- [Activity]
An exact copy of all the data is required, with pictures left out.

- [Provided material]

· · · ·

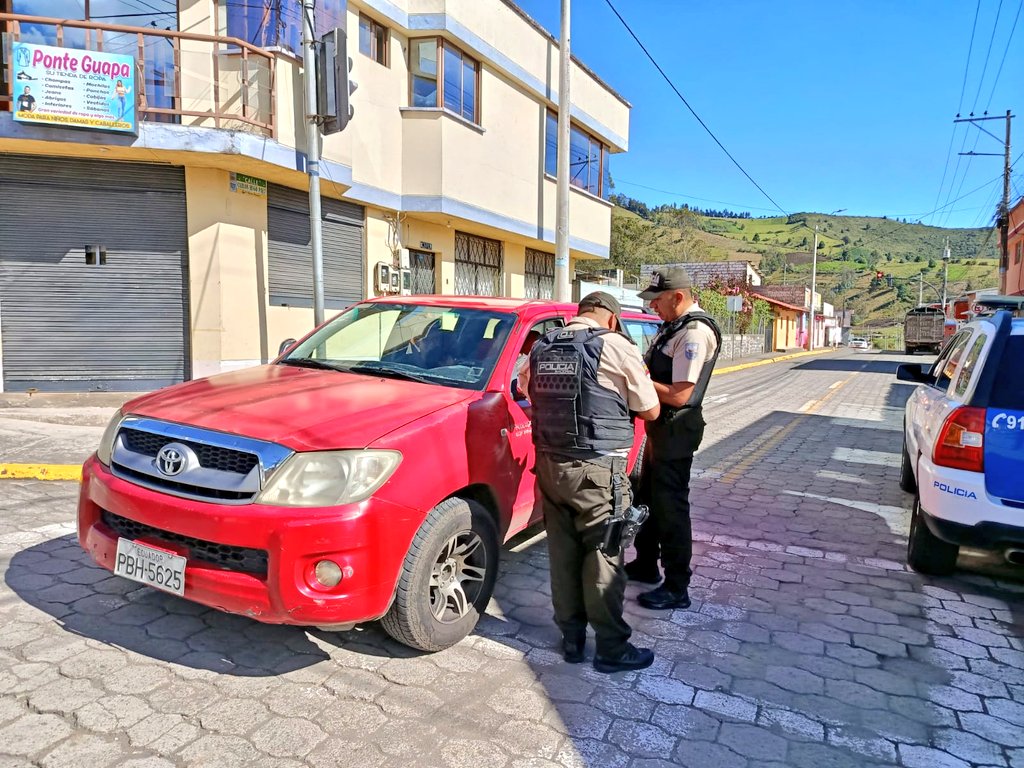 PoliciaEcZona3's tweet image. 📍#COTOPAXI |  OPERATIVOS DE SEGURIDAD

En #Sigchos en el marco de la #EstrategiaOperacional3D desarrollamos un operativo antidelincuencial, donde se realizó el registro de personas y vehículos a fin de garantizar la seguridad de sus habitantes.

#PolicíaEcuador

· · · ·

- [Solution to the exercise]
 PoliciaEcZona3's tweet image. 📍#COTOPAXI |  OPERATIVOS DE SEGURIDAD

En #Sigchos en el marco de la #EstrategiaOperacional3D desarrollamos un operativo antidelincuencial, donde se realizó el registro de personas y vehículos a fin de garantizar la seguridad de sus habitantes.

#PolicíaEcuador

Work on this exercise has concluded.